Desde o advento da descoberta do fogo pelos nossos ancestrais praticamente esgotamos todas as maneiras de se assar um pedaço de carne. Vou contar uma aqui que provavelmente seja a melhor e mais bem sucedida criação gastronômica da nossa espécie. E, não, não estou exagerando.
Se você não é do ramo, comece escolhendo direito a peça de picanha. Não me refiro a sair por aí empunhando uma lança para caçar bovinos, ainda que o nome da receita sugira isso. Apenas vá à seção de carnes e leites do supermercado de sua preferência e procure pelas carnes nobres. Não se esqueça do cartão de crédito, as coisas mudaram muito desde a Idade da Pedra Lascada. Em algum lugar haverá picanhas embaladas à vácuo, vá nelas e não discuta, é bem menos constrangedor do que pedir por gentileza ao senhor açougueiro que lhe entregue o animal abatido.
Quando digo para caçar, digo, escolher direito uma boa peça de picanha, tenha em mente cinco critérios:
1) Uma boa picanha deve ter uma boa altura, coloração e cobertura de gordura uniforme, não muito fina, nem muito espessa. Isso significa que o animal foi bem tratado;
2) Atente-se à quantidade de sangue dentro da embalagem à vácuo, se tiver muito líquido significa que a carne perdeu o seu suco, que é o suprassumo do sabor (isso dá um slogan);
3) Repare também se a peça foi manipulada corretamente pelo frigorífico, ou seja, se não há vestígios de gordura, nervos e aponevroses na parte magra da carne;
4) Certifique-se do selo S.I.F. (Serviço de Inspeção Federal), pode parecer veadagem, e é;
5) E o último e mais importante: o peso. Não existe picanha com 1,5 kg, a menos que o boi tenha sido um avatar do king Kong. Picanha do rebanho nacional tem – inevitavelmente – entre 950g e 1,1kg, no máximo. Mais do que isso você estará comprando coxão duro por 40 reais o quilo. Imagine só o que seus ancestrais primitivos diriam de uma coisa assim.
Com a caça garantida, nos resta apenas mais um ingrediente: 1kg de sal grosso. Isso mesmo, essa é uma receita sem frescura. Nada de gengibre aromatizado, ervas finas, cominho e essas merdas todas que só prestam para nos deixar calvos e oxidáveis. Na nossa receita só tem carne e sal e não se fala mais nisso.
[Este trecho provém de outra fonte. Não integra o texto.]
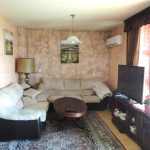 Дава се под наем Къща в Бургас, Меден рудник - зона А - 140 кв.м за 459 € - Снимка #1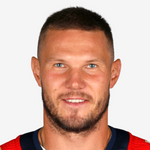 Куликов Дмитрий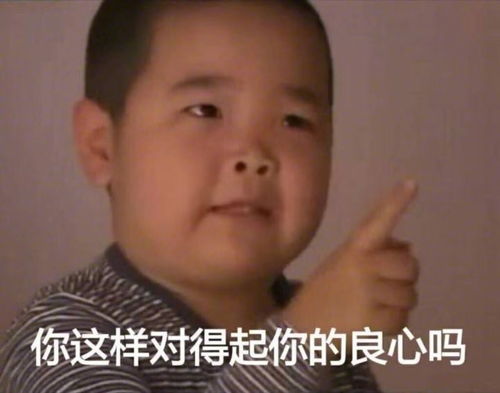 司机开车时看了一眼风景,推婴儿车的行人被撞身亡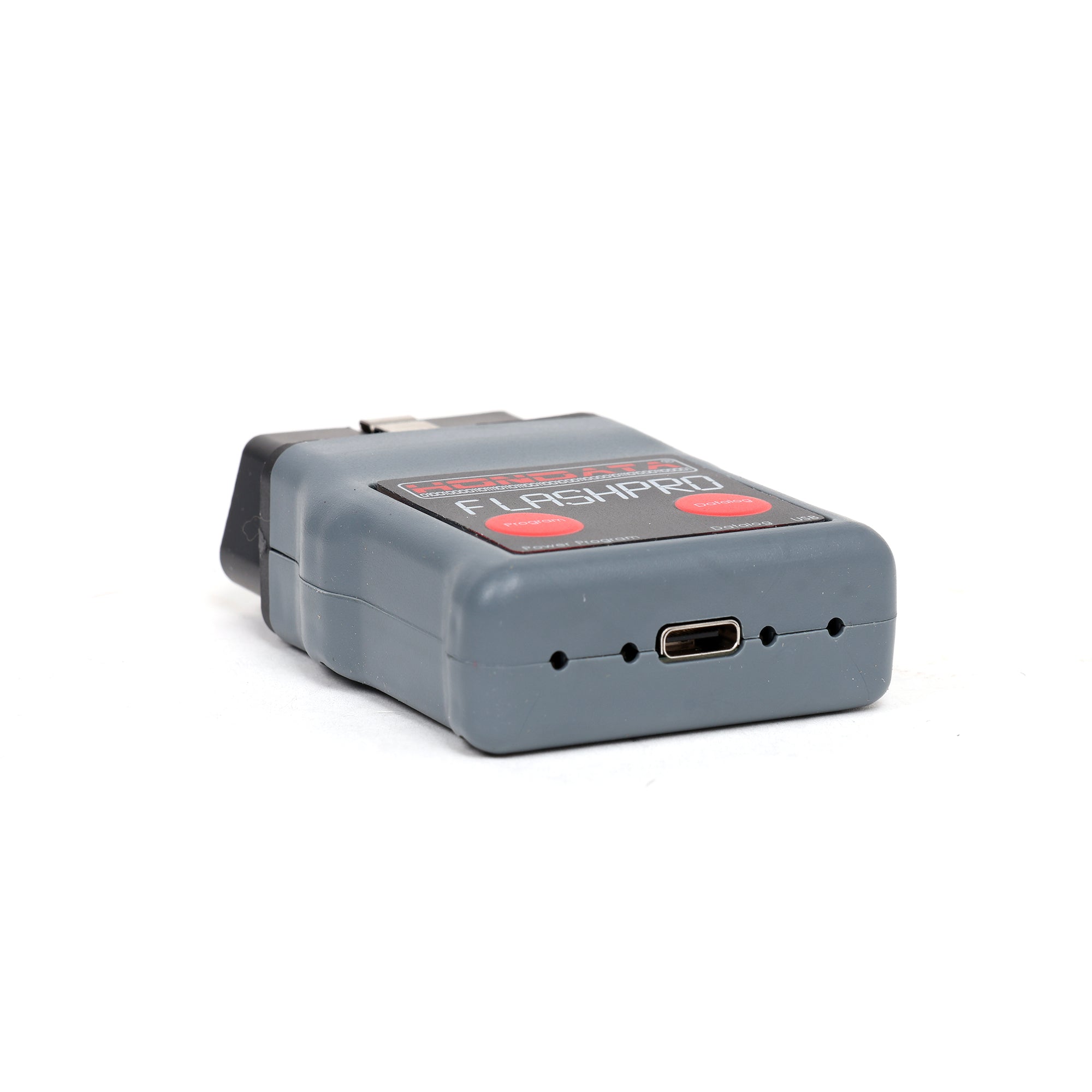 Hondata FlashPro for 2023+ Civic Type R FL5 · Hybrid Racing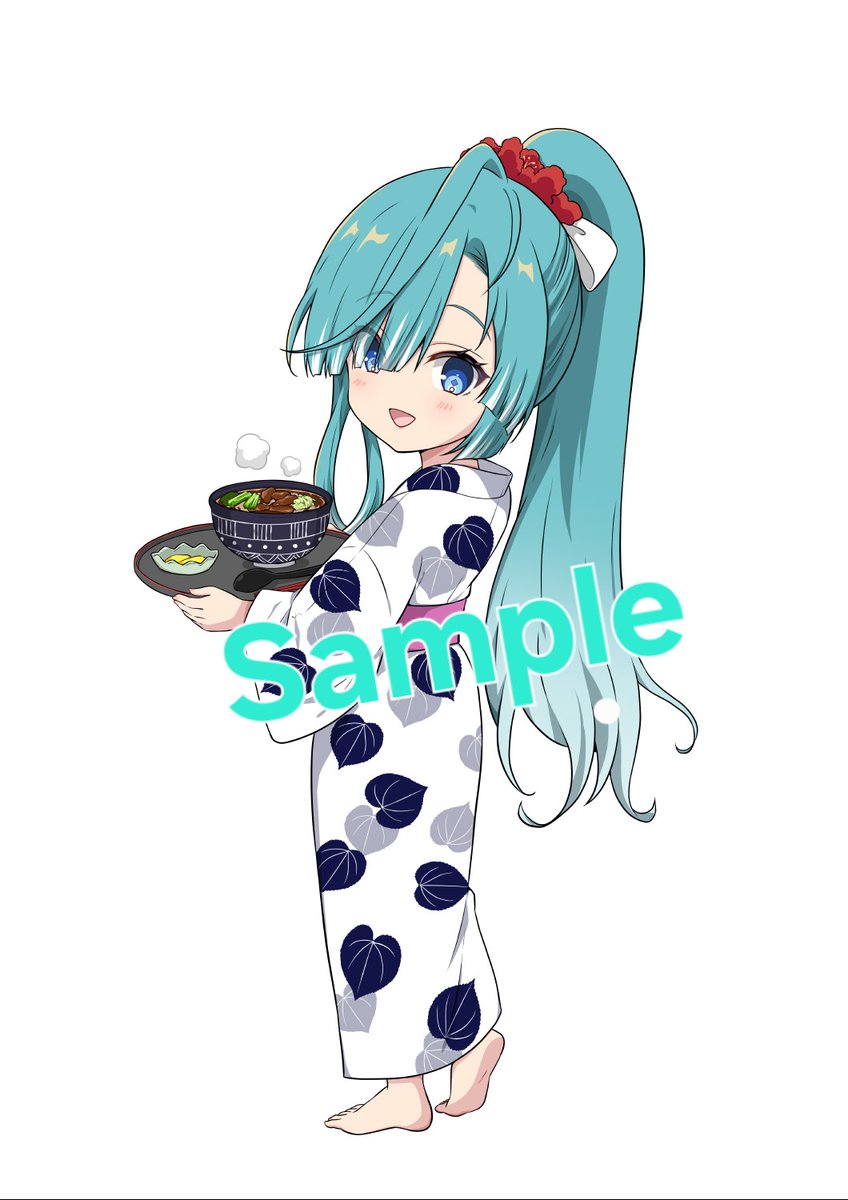 ヘルリッヒ@さくレット・ジュエハは良いぞ (@Herrlich111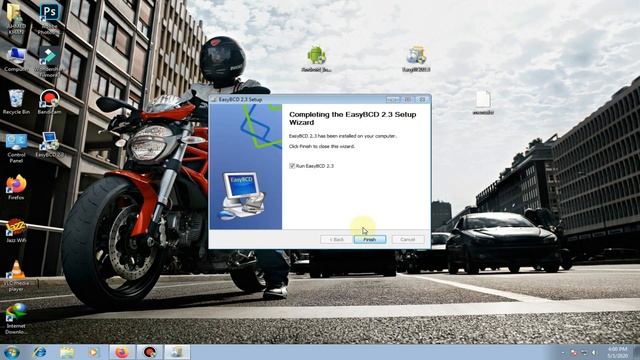 PRIME OS COMPLETE INSTALLATION GUID | Dual Boot | Tech 4U смотреть онлайн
Muito bem, o que você tem que fazer agora é colocar uma boa música. Cozinhar sem ouvir um clássico do século passado é o mesmo que não cozinhar.
Agora vem a parte difícil. Tire a picanha do vácuo, não a lave, só as garotinhas amedrontadas lavam a carne. Lembre-se, já comemos carniça em determinado momento da nossa evolução, lavar a carne ofenderia a honra de toda a nossa espécie. Coloque o resto mortal do gado em uma assadeira, a parte da gordura deve ficar virada para cima – isso é uma regra. Cubra absolutamente toda a picanha com o quilo de sal grosso (caso alguém esteja por perto te observando, faça cara de quem sabe o que está fazendo, apesar de todo aquele sal, isso lhe impõe a mesma propriedade digna dos grandes chefes) . Pré-aqueça o forno a 180º graus. Coloque assadeira, picanha e sal grosso lá dentro, feche a tampa é vá jogar FIFA.
…já comemos carniça em determinado momento da nossa evolução, lavar a carne ofenderia a honra de toda a nossa espécie.
Quando terminar o primeiro tempo volte à cozinha, seu prato estará quase pronto. Restará apenas retirar a assadeira do forno (aqui contarei um experiência de vida. Nunca (imagine isso escrito em letras garrafais) NUNCA coloque a assadeira de vidro quente sobre o mármore frio da pia). Retire toda a capa dura de sal que cobre a carne, jogue fora (a capa de sal, não a picanha), fatie a carne e devore como um caçador voraz sedento por sangue.
P.s.: se quiser afrescalhar com a receita toda, após fatiar passe a carne em uma frigideira com manteiga e as malditas ervas finas. Sirva acompanhado de arroz branco e rúcula. Ah sim, coloque também um galhinho de alecrim e outro de tomilho – só para perfumar.